Paccheri alla norma con pesto | Paccheri pasta with tomato sauce, eggplant, ricotta & pesto

Pasta alla norma is a pasta dish originally from Catania, Sicily. The original recipe is with ricotta salata, I replaced it with fresh ricotta cheese because ricotta salata is hard to find where I live. I also added the pesto for extra flavour.


serves 4


320 grams paccheri pasta

2 aubergines

3 cloves of garlic

1 teaspoon of nutmeg

olive oil

4 tablespoons pesto

4 tablespoons ricotta cheese

tomato sauceĀ 

salt and pepper


  1. Chop the aubergines into 2 cm chunks, set aside.
  2. Peel and finely slice the garlic, set aside.
  3. Heat a splash of olive oil in a large frying pan over a medium heat.
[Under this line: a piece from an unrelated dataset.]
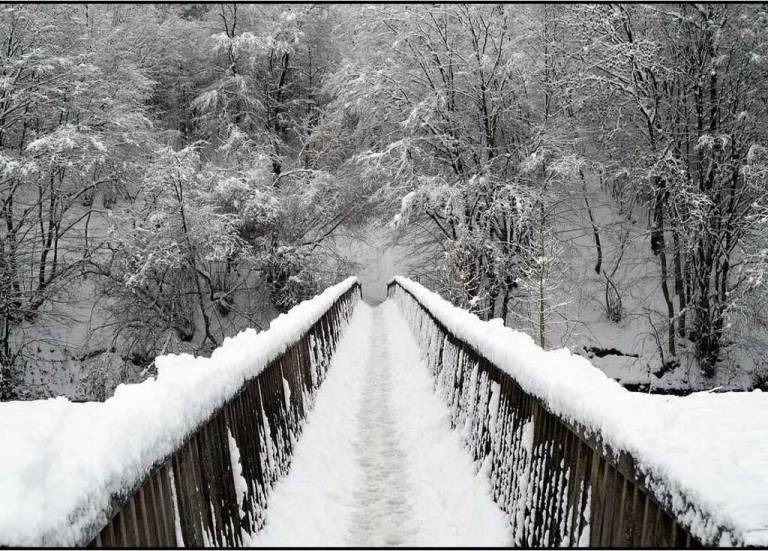 Ferienwohnung Overath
Once hot add the aubergines and nutmeg.
  4. Fry until softened and golden brown, stirring occasionally.
  5. Add the sliced garlic, salt and pepper and set aside.
  6. Cook the pasta in a pan of boiling water until al dente.
  7. Drain the pasta.
  8. In a large bowl combine the pasta, tomato sauce and aubergines and toss well.
  9. Divide between your bowls and finish with a tablespoon of ricotta and pesto.